An Abductive Platform for Salient Neurons Identification

Christian D'Errico

In the broad spectrum of artificial intelligence systems, neural networks stand out as models with significant predictive capabilities. However, they simultaneously exhibit a low degree of interpretability. Their use in decision support processes has prompted researchers and policymakers worldwide to introduce regulations aimed at ensuring transparency and adherence to ethical principles in the design of these systems: this has led to the development of various approaches aimed at understanding their functioning.

This work focuses on constructing a platform that leverages the potential offered by abductive reasoning to identify the salient neurons of a neural network. The goal is to identify those neurons that activate significantly during the execution of specific tasks to better understand the features detected by the neural network and identify any anomalies in learning. Additionally, identifying crucial neurons can enable model optimization, while pinpointing less influential ones can allow for the simplification of its structure.
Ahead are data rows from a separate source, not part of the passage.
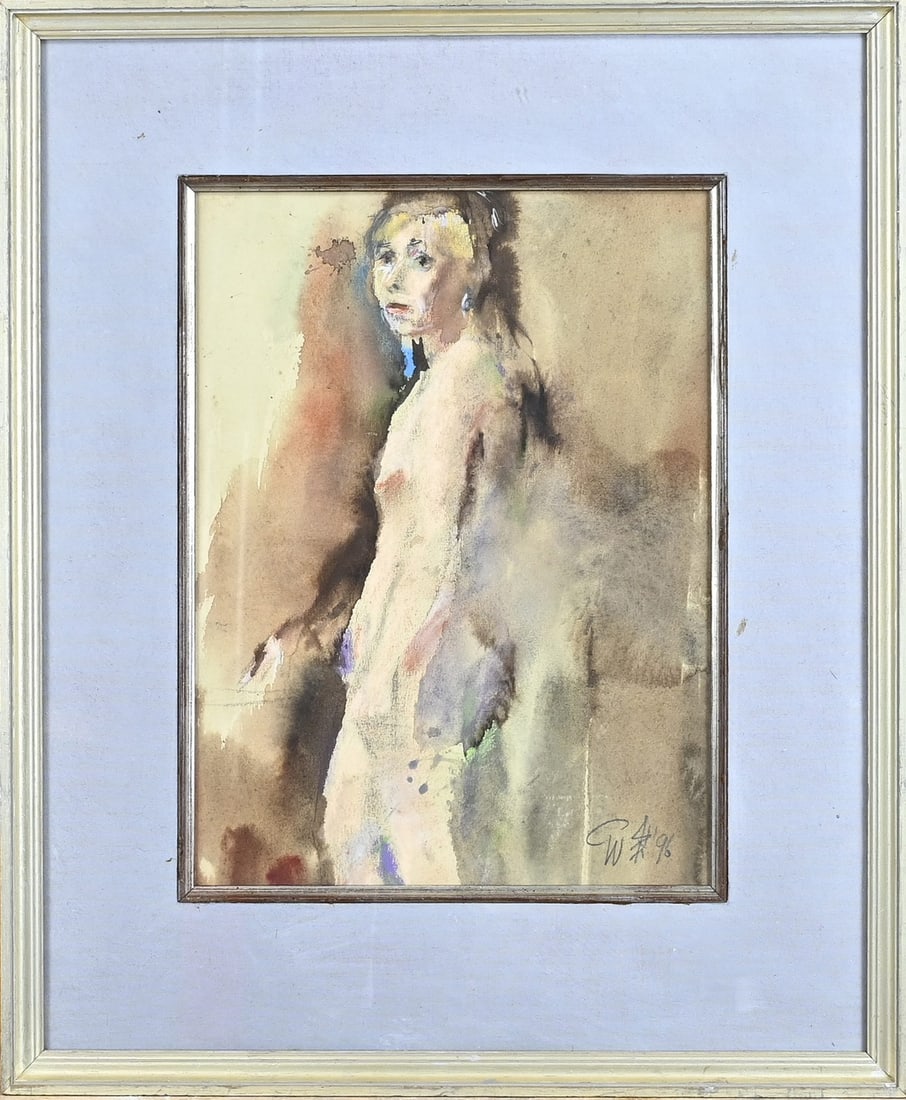 Monogram CW, Modern female nude: Monogram CW 1996. Modern female nude. Watercolor on paper. Dimensions: H 35 x W 26 cm. In good condition.
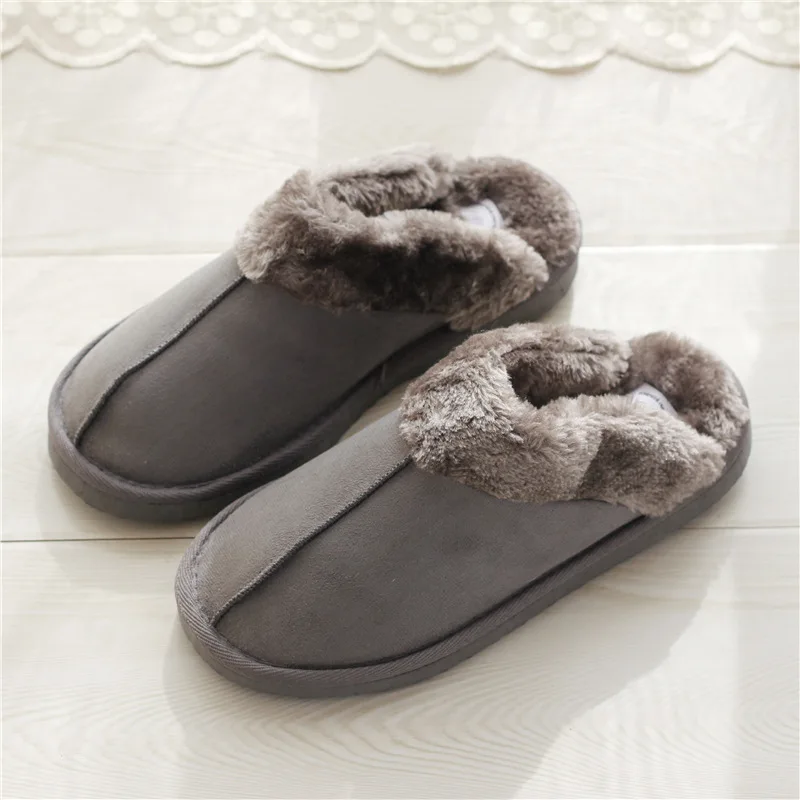 

Winter Plush Indoor Slippers Men Non-Slip Super Warm Home Slippers Thick-Soled Zapatillas Chaussons Warm Fur Furry Slippers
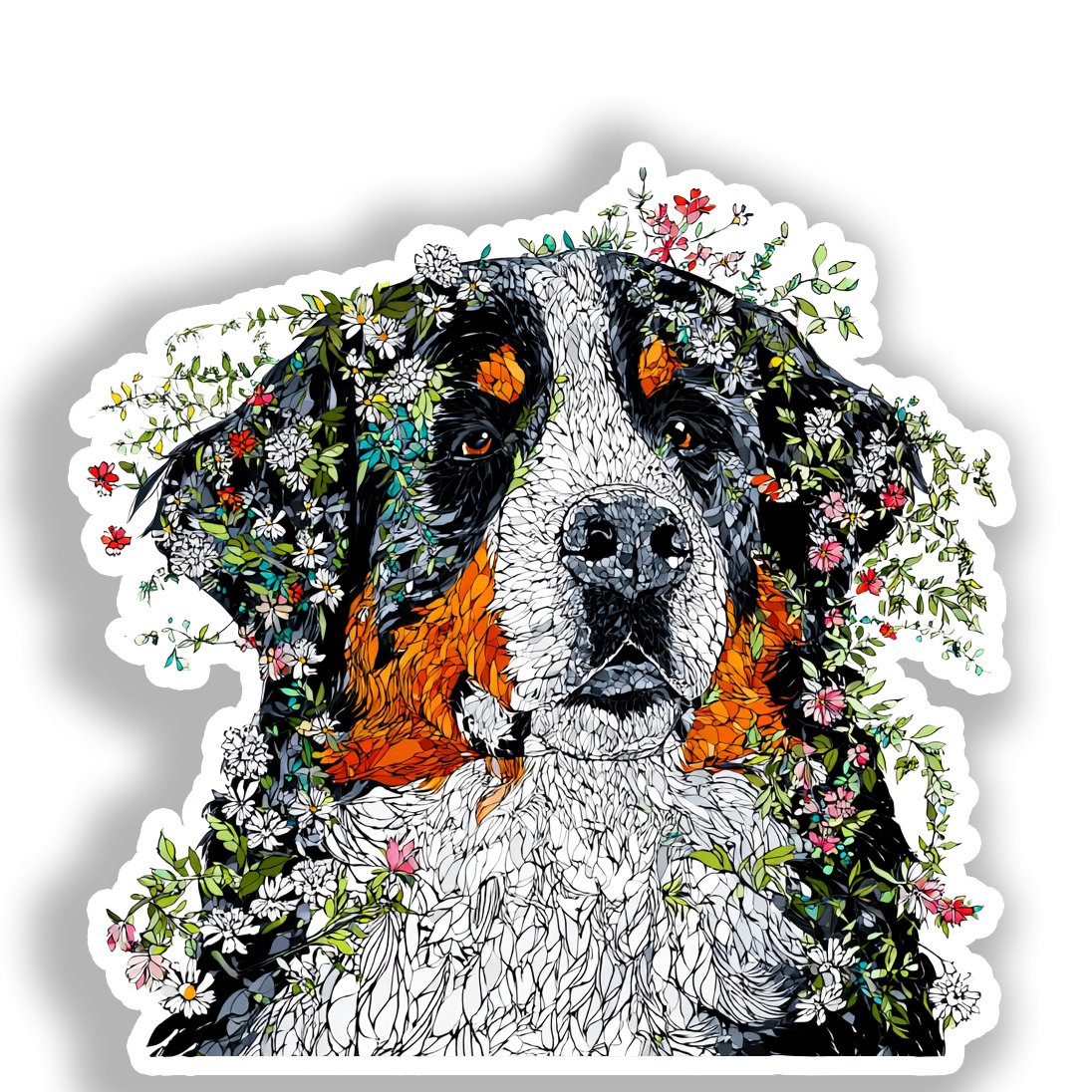 Bernese Mountain Dog Vinyl Decal Sticker for Car, Laptop, Tumbler and more # A018607-4" x 4"
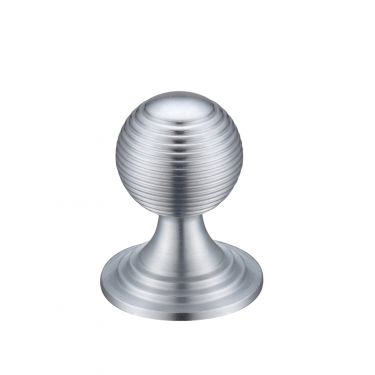Click Here To Enlarge This Photo Of FCH08BSC - Zoo Hardware Queen Anne Ringed Knob 32mm rose dia&period; Satin Chrome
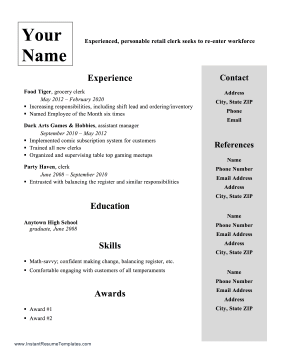 Resume For Reentering Job Market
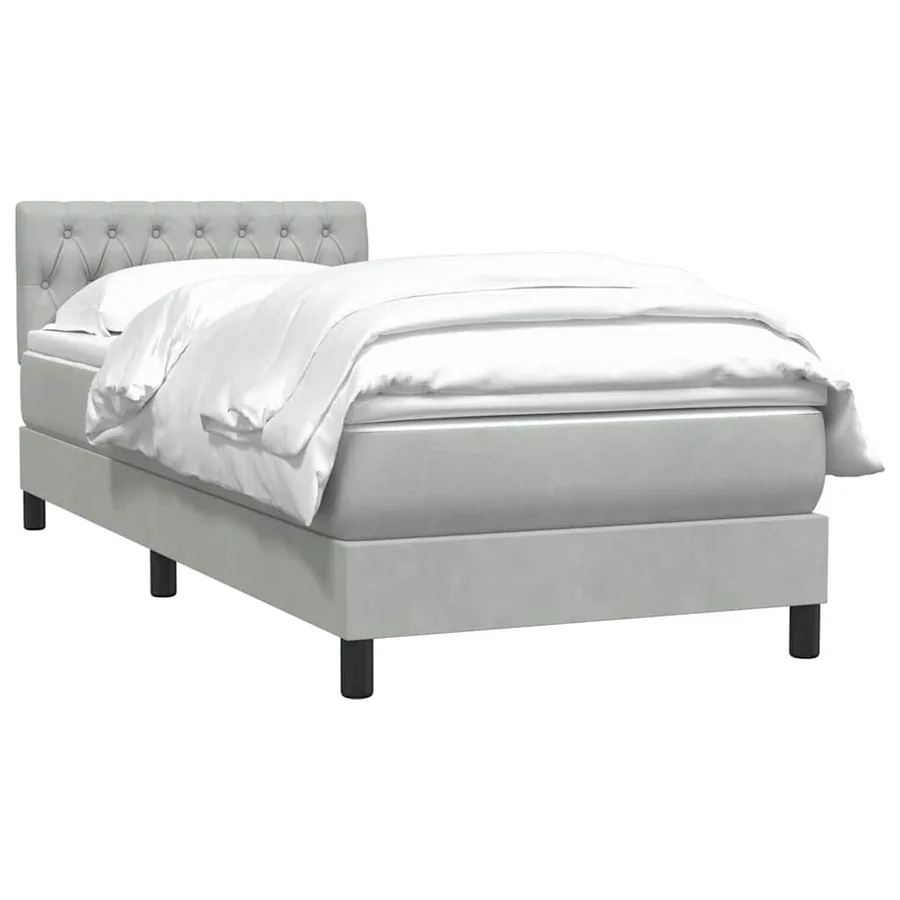 Sommier à lattes de lit et matelas gris clair 90x210 cm velours - 3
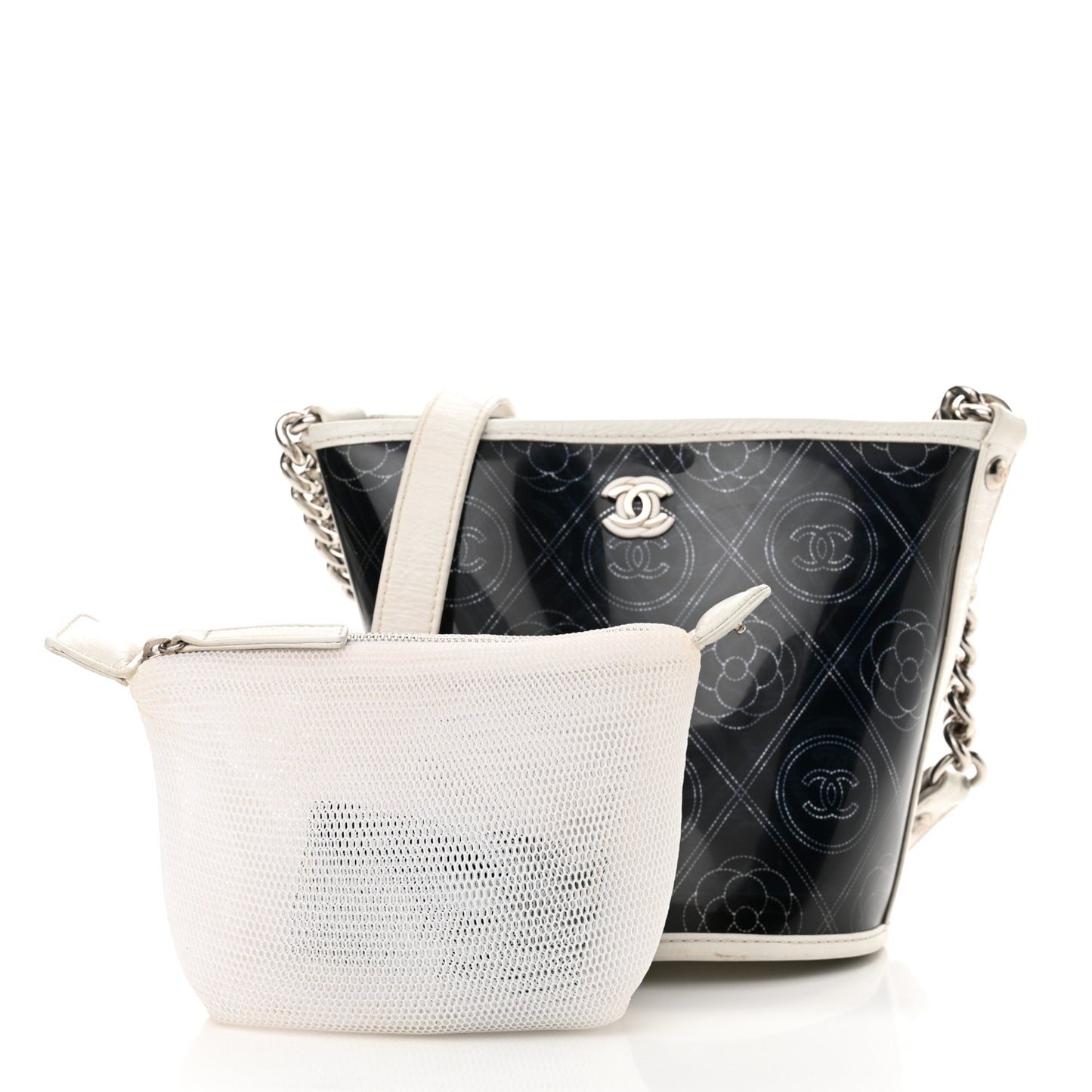 Crumpled Calfskin PVC Camellia Coco Bucket Bag Black White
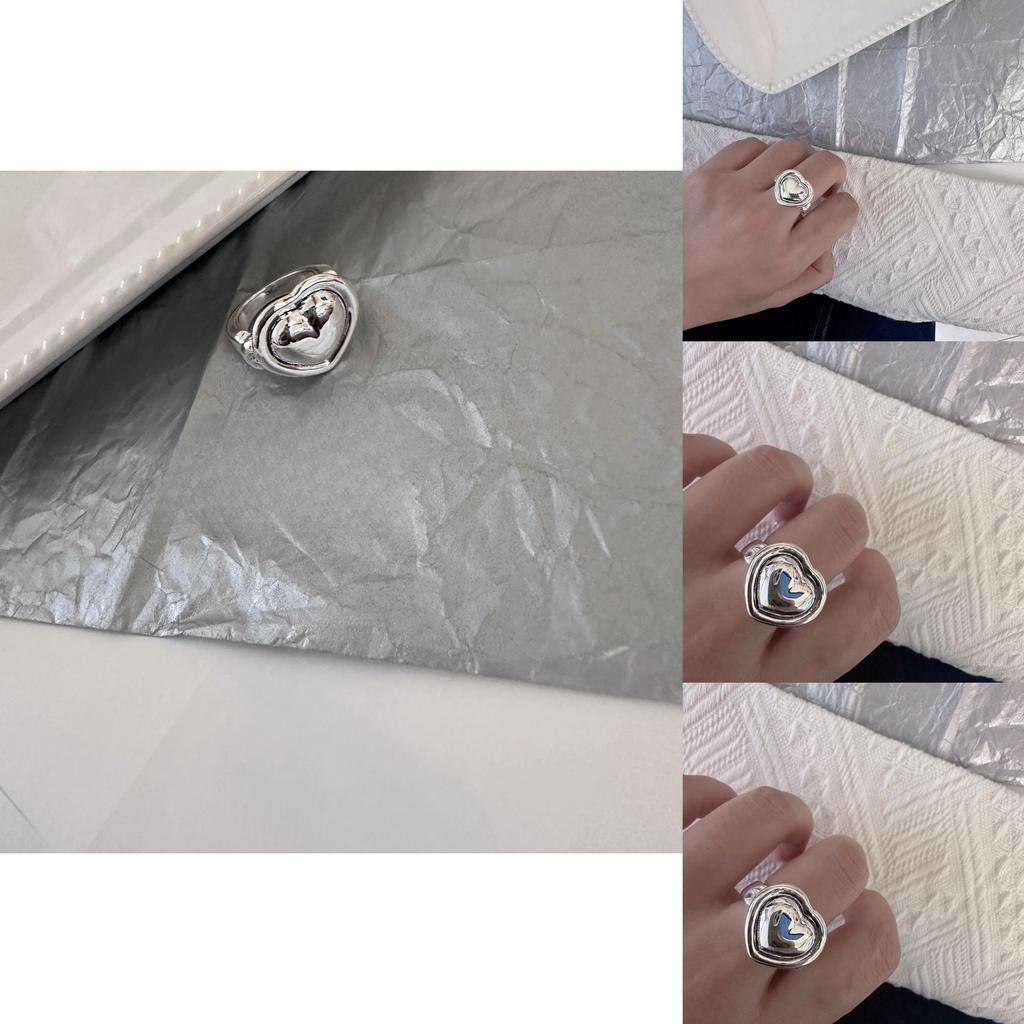 Delightful Heart Design Open Adjustable Ring For Women Stylish Copper Accessory
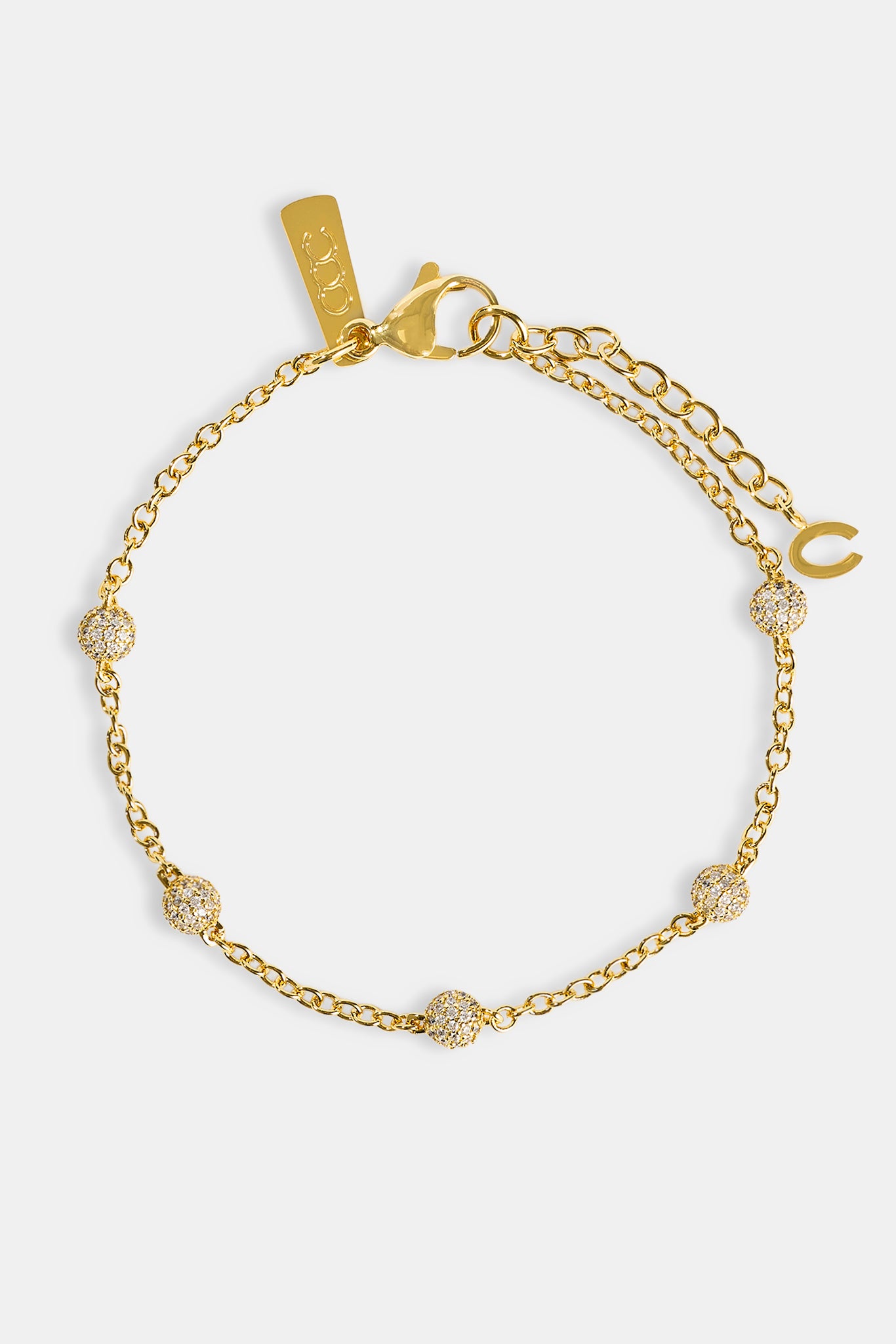 Iced Ball Rolo Bracelet - 4mm - Gold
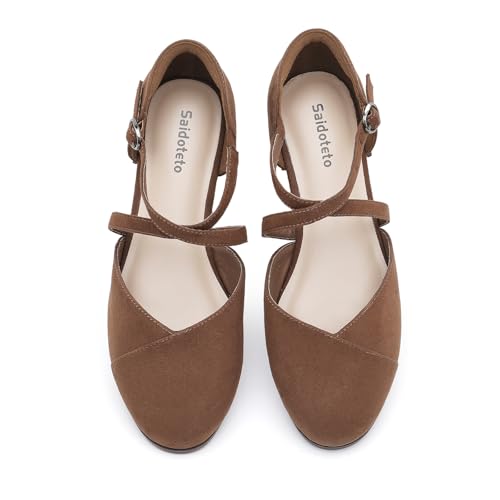 Saidoteto Women's Ankle Strap Flats - Comfortable Round Toe Dress Shoes with Adjustable Buckle, Criss-Cross Design for Work, Wedding, Office & Casual. Brown Size 11 WFT240810-03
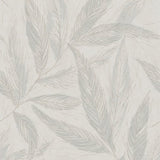 HY82148 Fern Weave Motif Blue Cream Silver Grey Wallpaper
Building upon previous research by Alexey Ignatiev and his team, this work extends the approach proposed in the paper "Abduction-Based Explanations for Machine Learning Models", a technique that, through mixed-integer linear programming (MILP), obtains a coding of the neural model within a set of decision problem constraints. A solver (oracle), capable of responding to entailment queries, provides minimal explanations for the predictions made by the target model. Specifically, this study involves the analysis of convolutional models for image classification, whose complexity overcomes that of the models in the original work, rather simplified, single-layer feedforward networks with a modest number of nodes.
The results highlight the applicability of abductive reasoning for identifying salient neurons and demonstrate how the proposed approach offers new perspectives for understanding complex models and improving their interpretability.